BEGIN SUPPLIED DATA

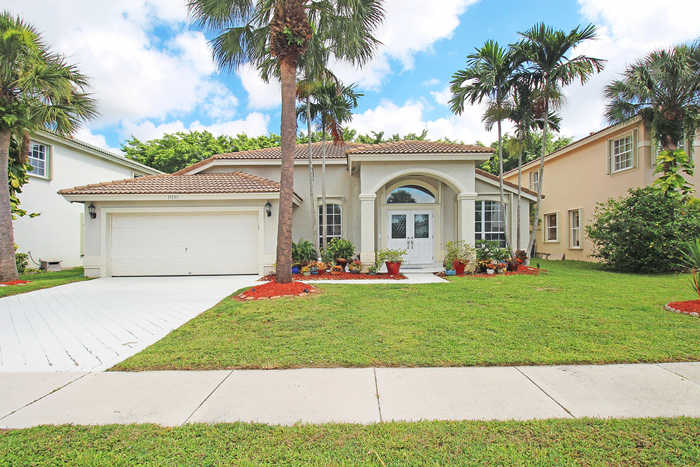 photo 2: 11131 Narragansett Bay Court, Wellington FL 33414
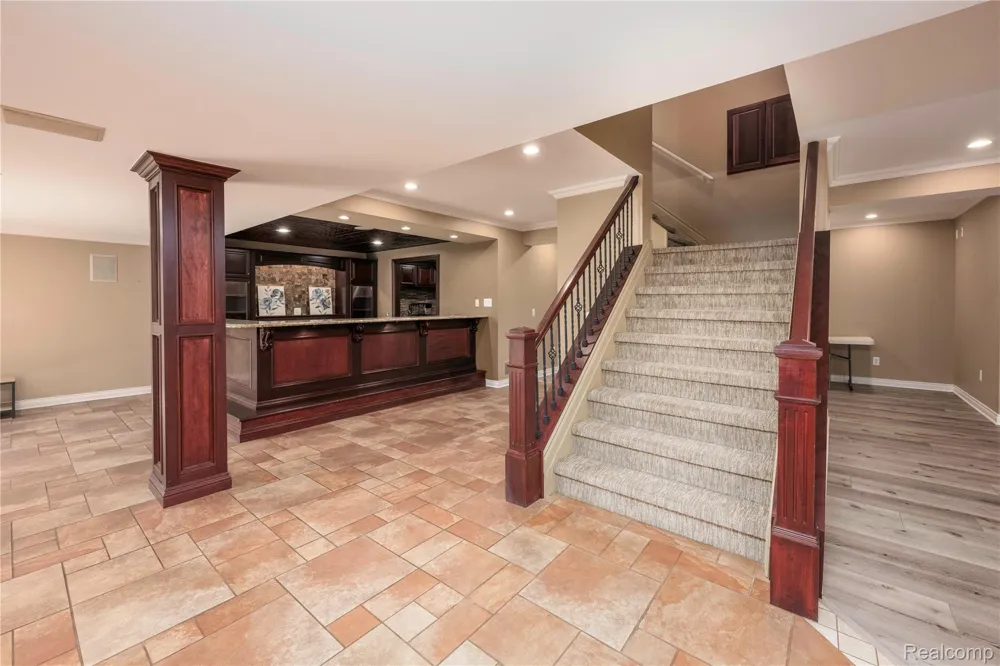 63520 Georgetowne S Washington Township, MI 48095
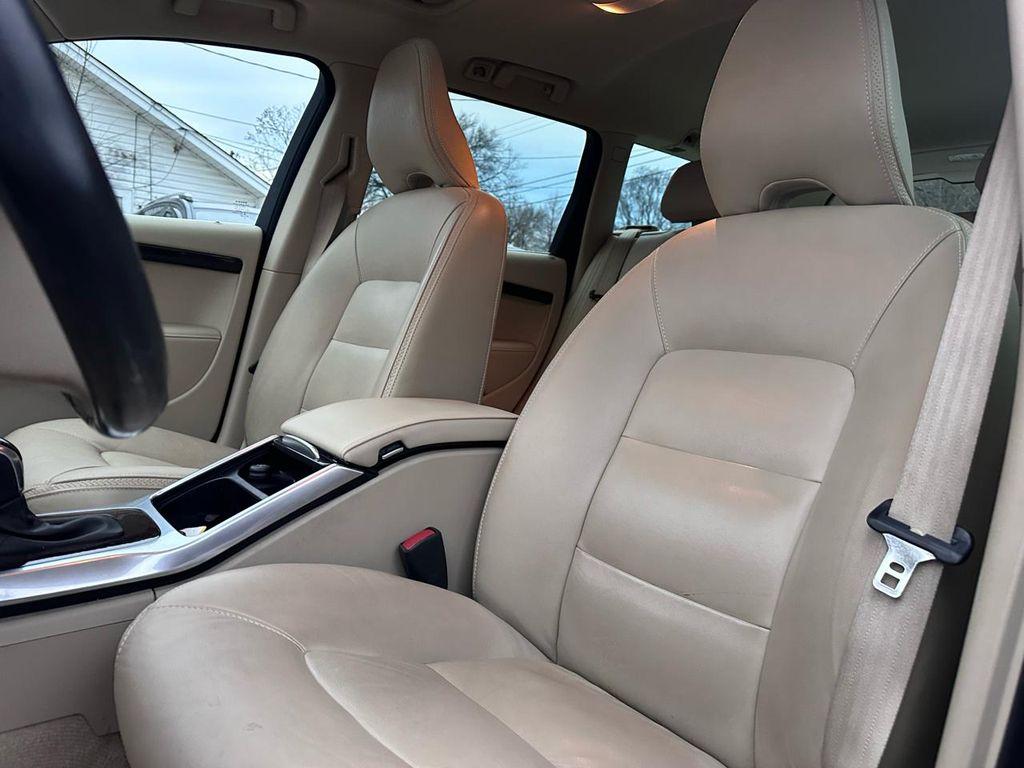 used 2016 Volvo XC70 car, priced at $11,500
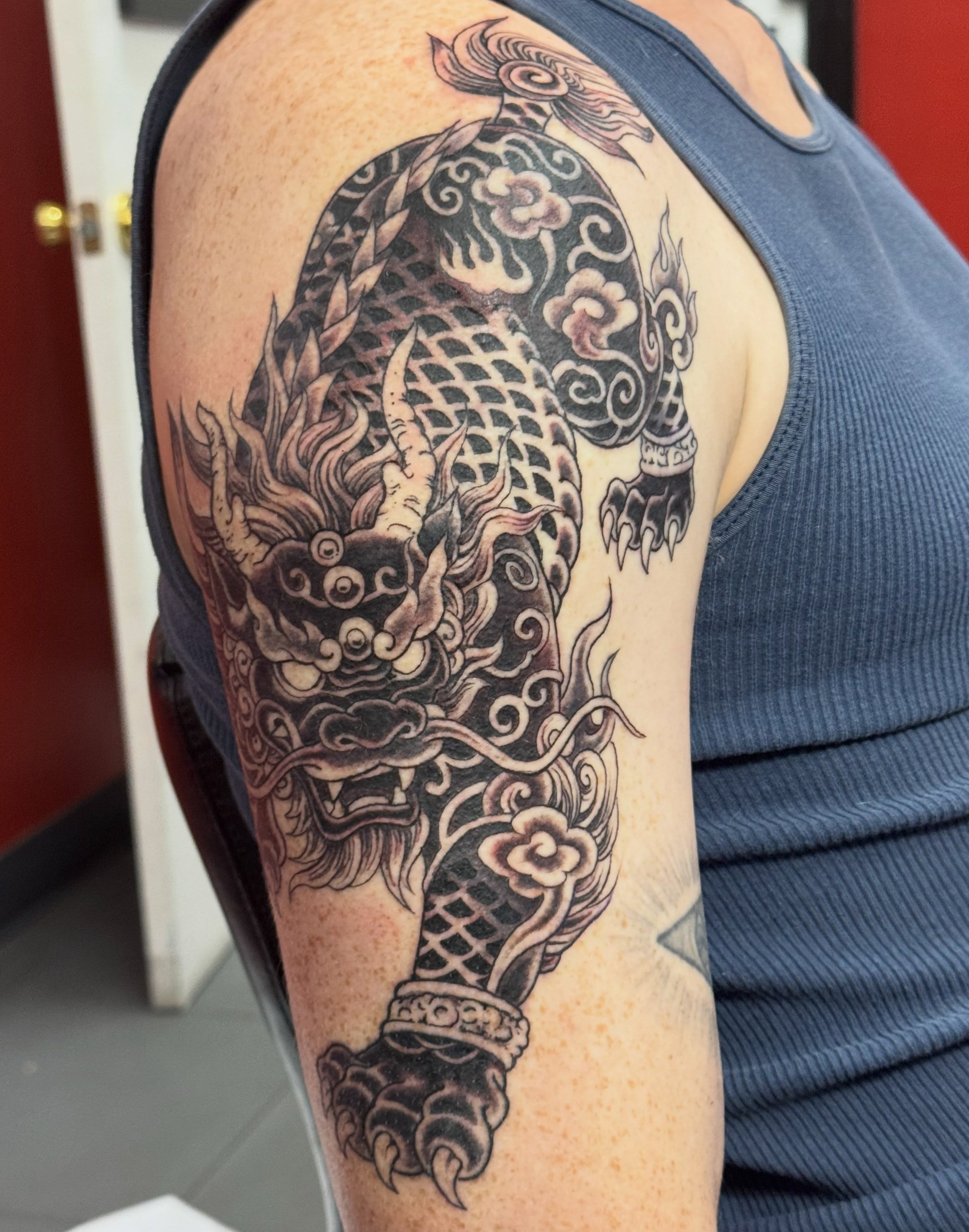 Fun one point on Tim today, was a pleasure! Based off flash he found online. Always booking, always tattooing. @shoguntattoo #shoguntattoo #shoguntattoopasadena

END SUPPLIED DATA

The line containing "used 2016 Volvo XC70 car, priced at $11,500" and each line after it through the end of the listing above are to be written out exactly, without the pictures.

 used 2016 Volvo XC70 car, priced at $11,500
 Fun one point on Tim today, was a pleasure! Based off flash he found online. Always booking, always tattooing. @shoguntattoo #shoguntattoo #shoguntattoopasadena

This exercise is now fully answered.